Сергеев приложил все старания, чтобы при самой безукоризненной хореографии не страдало и музыкальное исполнение, чтобы музыка была не только аккомпанементом, но и равноценным слагаемым спектакля. Этого удалось добиться только благодаря Сергееву — артисту и балетмейстеру.
Мне было особенно интересно работать с ним. И ему, как мне помнится, тоже. Мне приятно было слышать от других, что он вспоминает о нашей работе с удовольствием и ставит в пример всем, с кем бы ему ни приходилось работать, и артистам, и дирижерам, наше с ним стремление к взаимопониманию в вопросах творческих и эстетических.
Сергеев поставил перед собой задачу: обновляя творение Петипа, сохранить все лучшее, и танцы, сочиненные Петипа, по возможности оставить в неприкосновенности. Дело это очень сложное. Ибо если спектакль являет собой единство формы и содержания, то стоит чуть тронуть одно, мгновенно рассыпается все остальное. Танцы Петипа должны были жить в новых декорациях, в новых костюмах, в иной планировке, в совершенно другой версии всех игровых сцен.
В сложной, кропотливой, глубоко творческой работе Сергеев проявил себя не только заботливым реставратором, но и художником, композитором балетных эпизодов. Было интересно наблюдать, как он, мастерски создавая новое, трепетно оберегал все прекрасное, созданное ранее.
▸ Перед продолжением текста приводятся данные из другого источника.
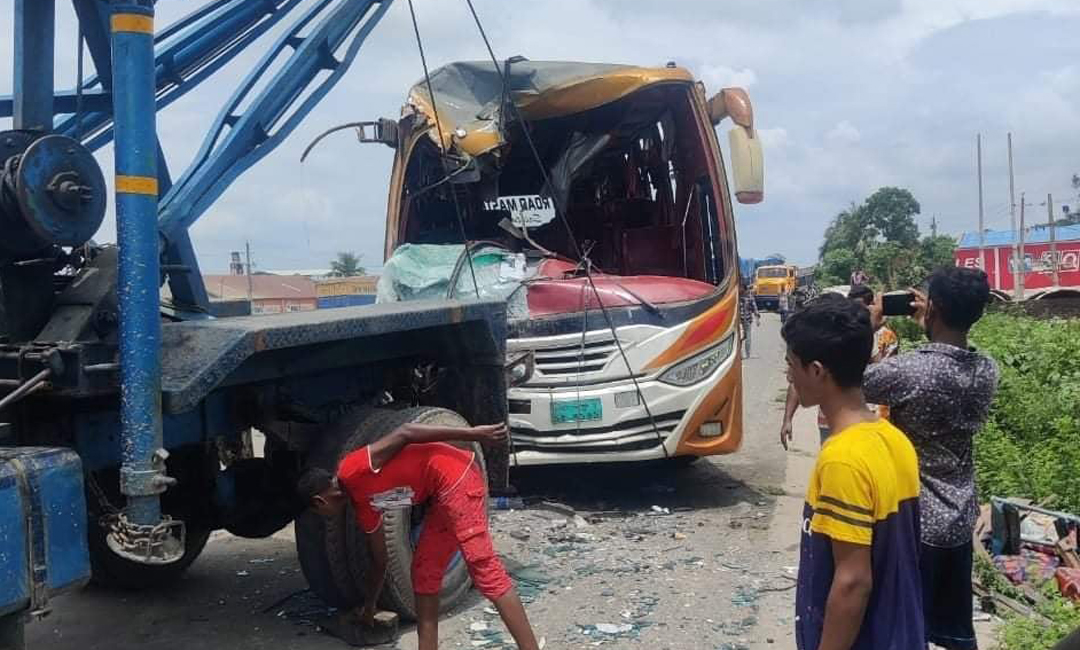 ব্রাহ্মণবাড়িয়ায় দুই বাসের মুখোমুখি সংঘর্ষে আহত ২০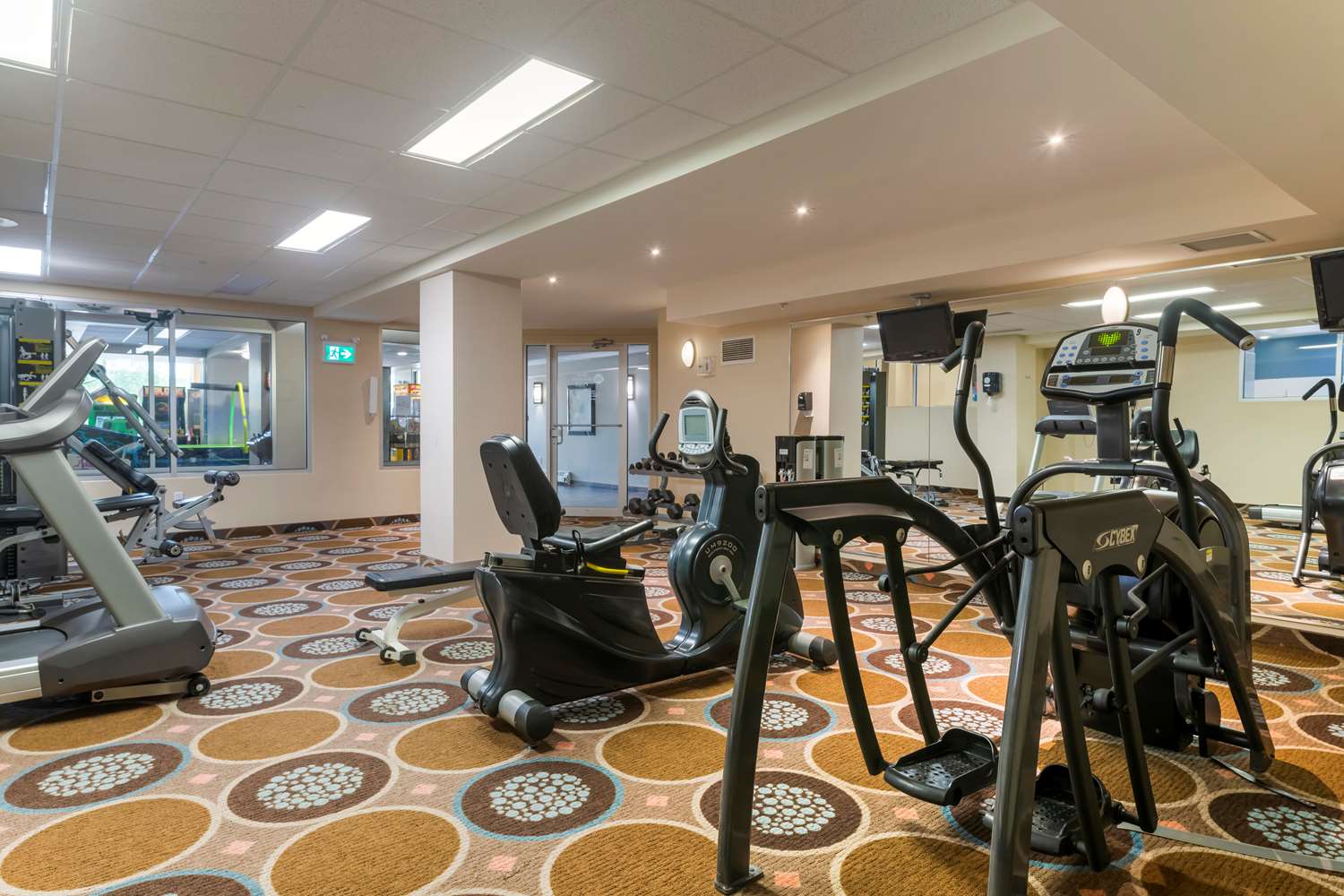 Best Western Plus Chocolate Lake Hotel 36/80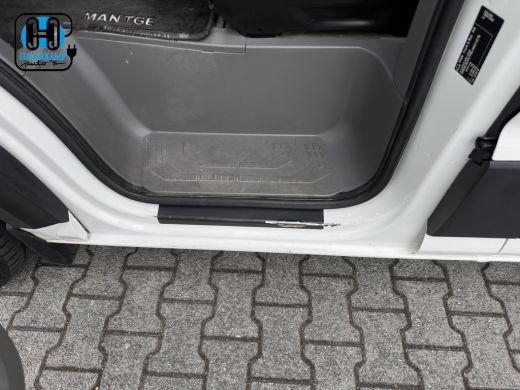 MAN eTGE Basis 36 kWh L3 H3 (2-Fase) {Soh-88%} Aut. *HEATPUMP | NAVI-FULLMAP | AIRCO | CRUISE | 3-PERS | C... ActivLease financial lease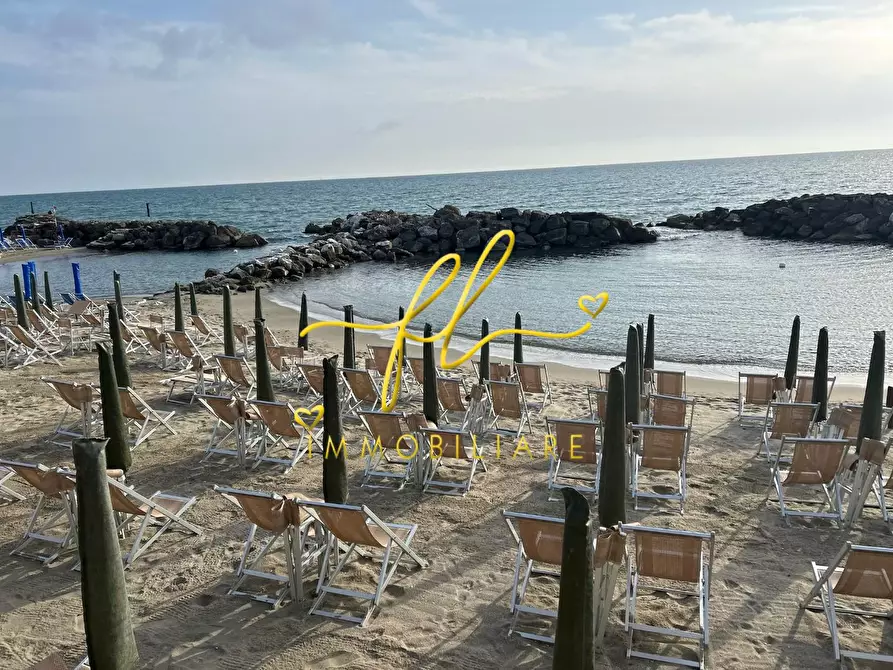 Immagine 4 di Attività commerciale in vendita  a Pisa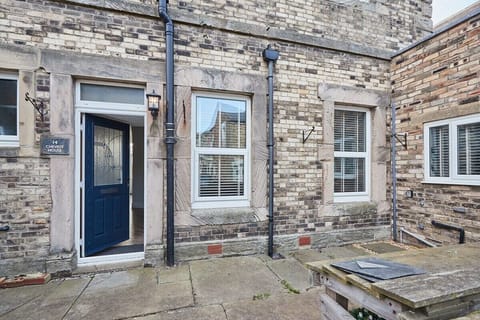 Cheviot House, Seahouses - Host & Stay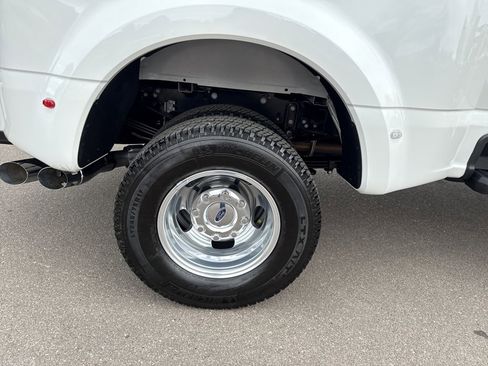 Certified 2025 Ford F350 Platinum image 32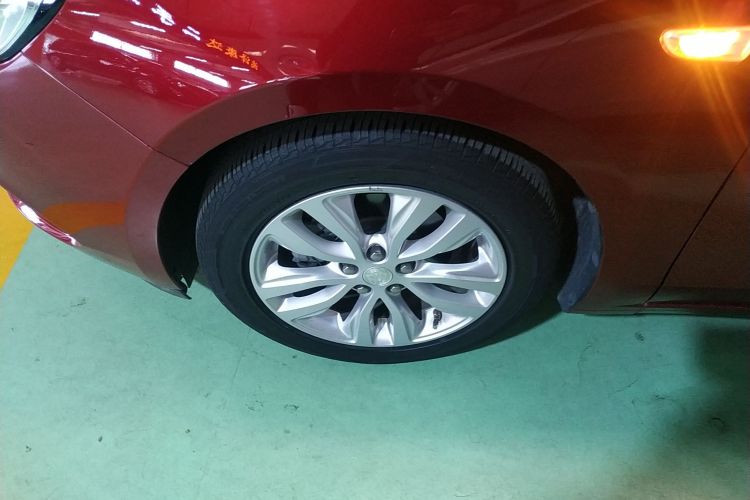 别克 英朗 2021款 改款 典范 1.5L 自动精英型车身外观6007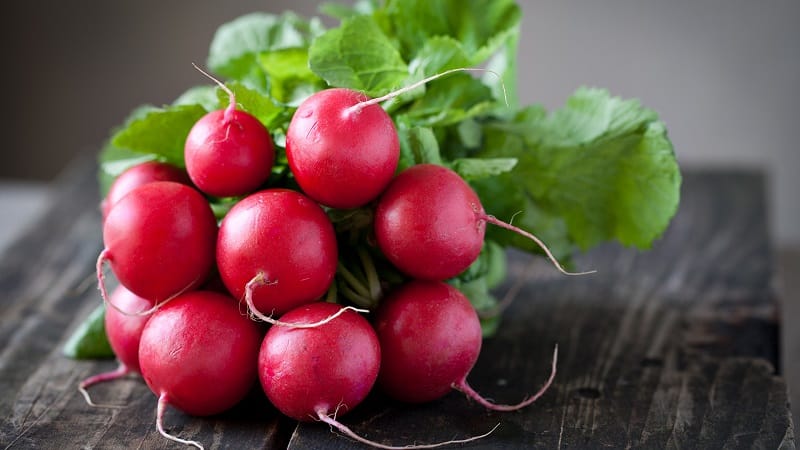 What vitamins are in radishes and why are they good for health?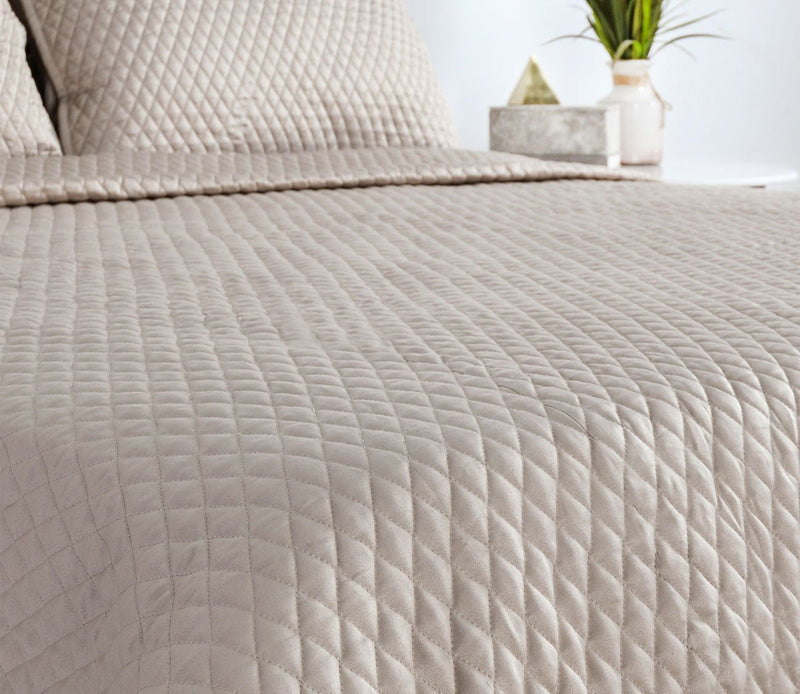 Villa by Classic Home Diamond Pebble Sateen Quilt - Image 3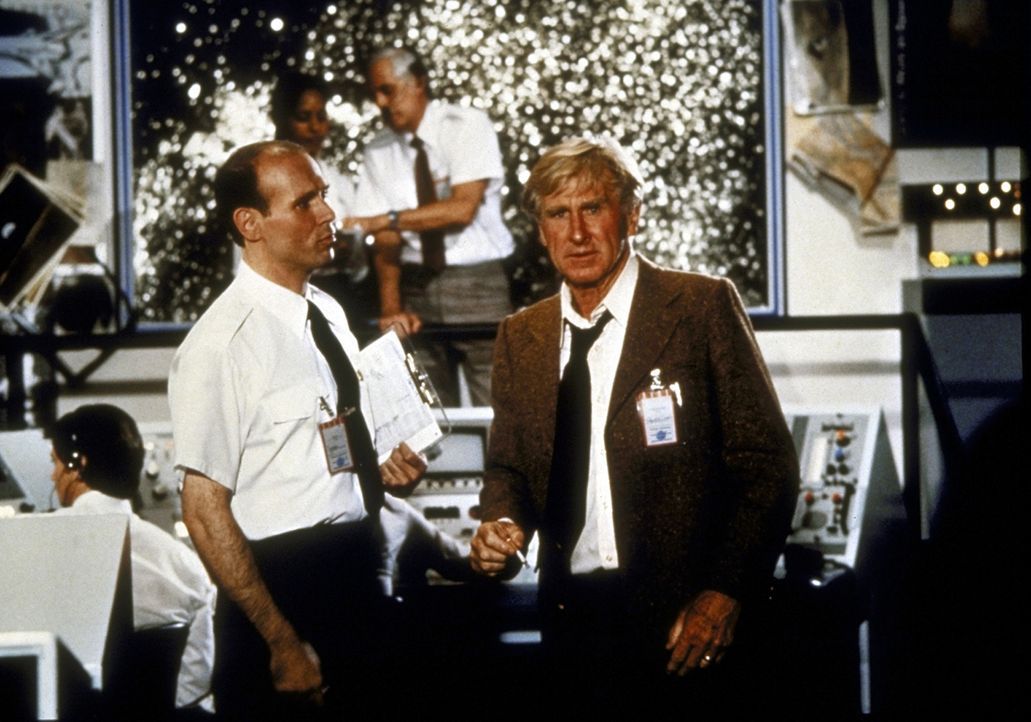 McCroskey (Lloyd Bridges, r.) ist geschockt, als er auf der Raumfahrtbasis von den Pannen des Raumschiffs erfährt ... - Bildquelle: Paramount Pictures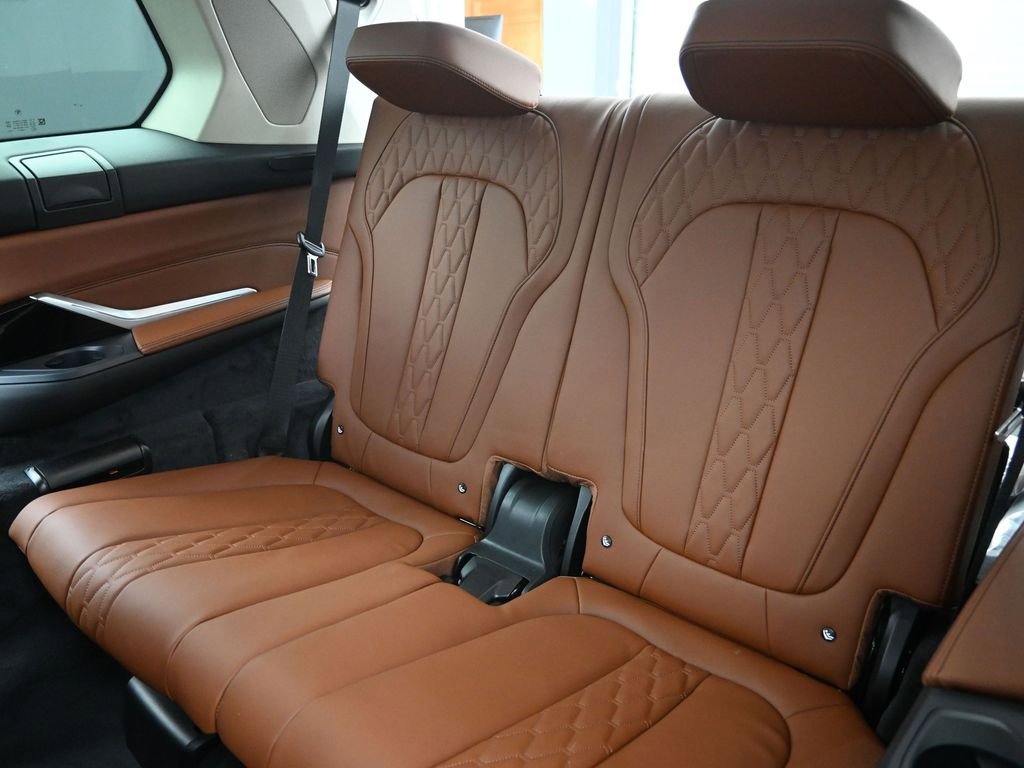 New 2026 BMW X7 xDrive40i image 30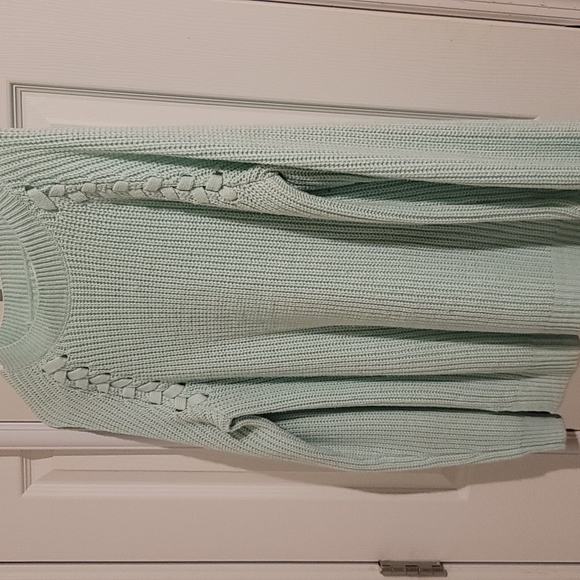 SO Sweaters - SO xl sweater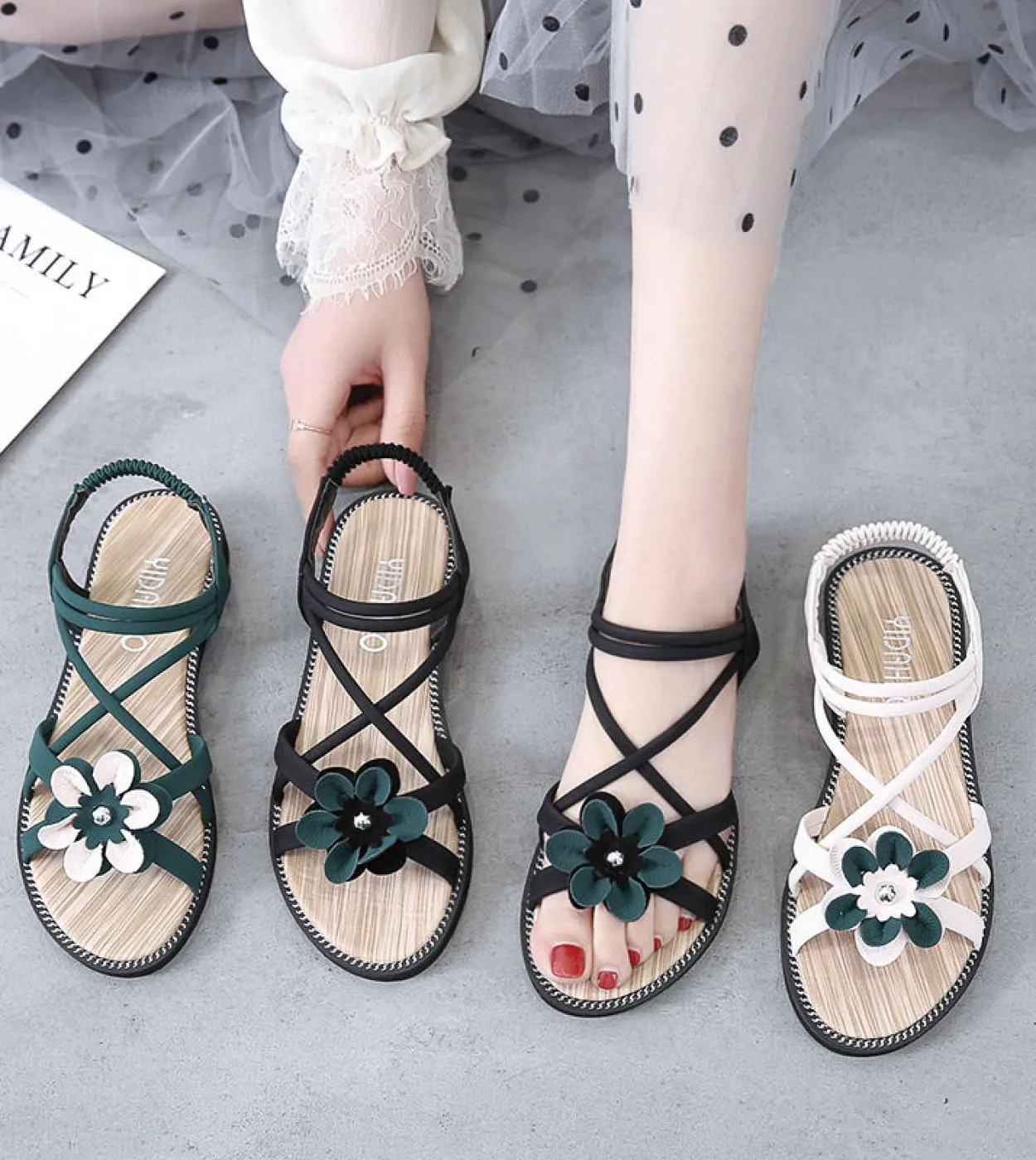 2022 Sandali da donna Scarpe estive Scarpe romane con fiori carini Scarpe per bambini sandali da spiaggia da donna con perline r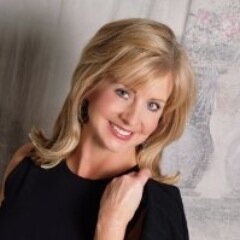 Denise Gartner Designs offers Interior Design, Interior Redesign and Vacant Home Staging.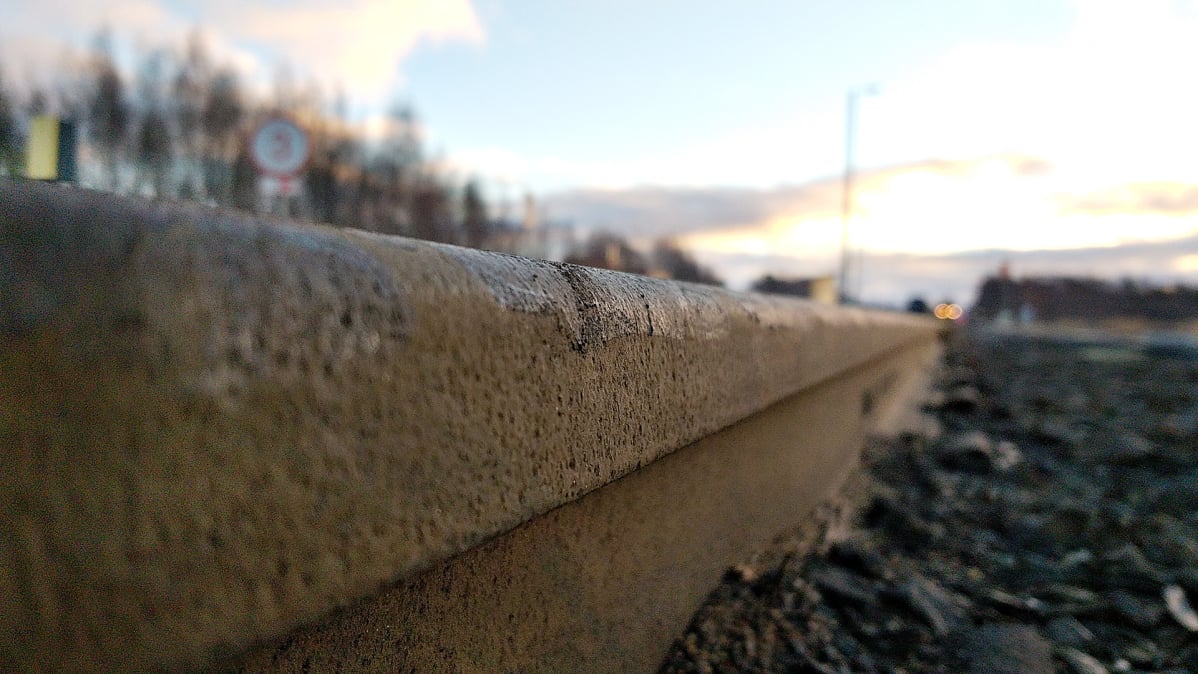 Rautatiekiskot lähikuvassa.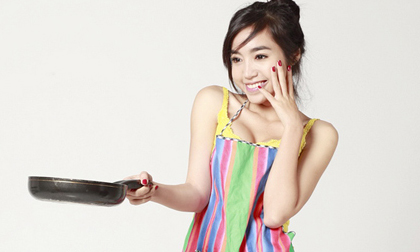 Elly Trần gợi cảm với... tạp dề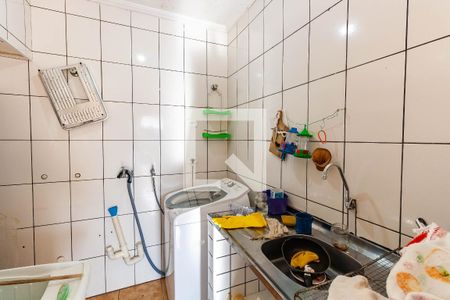 Casa à venda com 200m², 3 quartos e 2 vagasLavanderia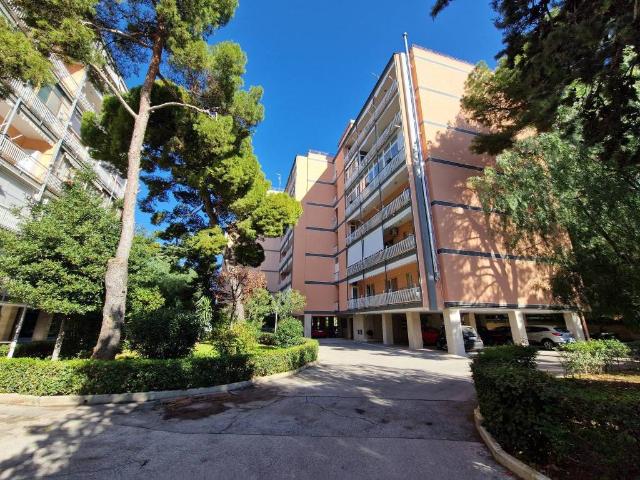 Appartamento in vendita a Bari BA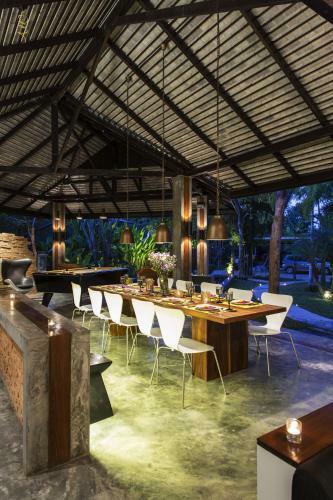 X2 Chiang Mai South Gate Villa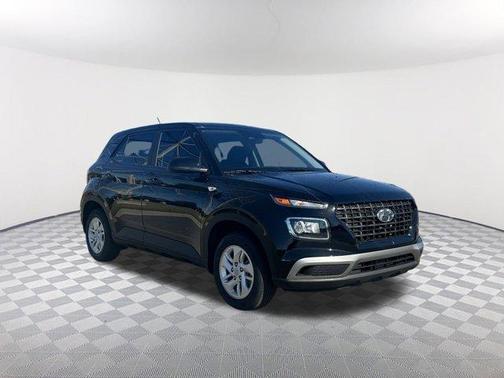 2025 Hyundai VENUE SE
Пройдя вместе с Сергеевым трудный путь поисков, я понял, какая огромная работа скрывается за простой строчкой в программе спектакля: «Новая хореографическая редакция».
Надо сказать, что некоторые игровые сцены раньше нередко сокращались. При этом ссылались обычно на то, что «Спящая красавица» длинна, а упомянутые сцены еще больше затягивают спектакль и утомляют зрителя: Можно сказать, не кривя душой: нам с Сергеевым никто никогда не рекомендовал в нашем спектакле что-либо сокращать.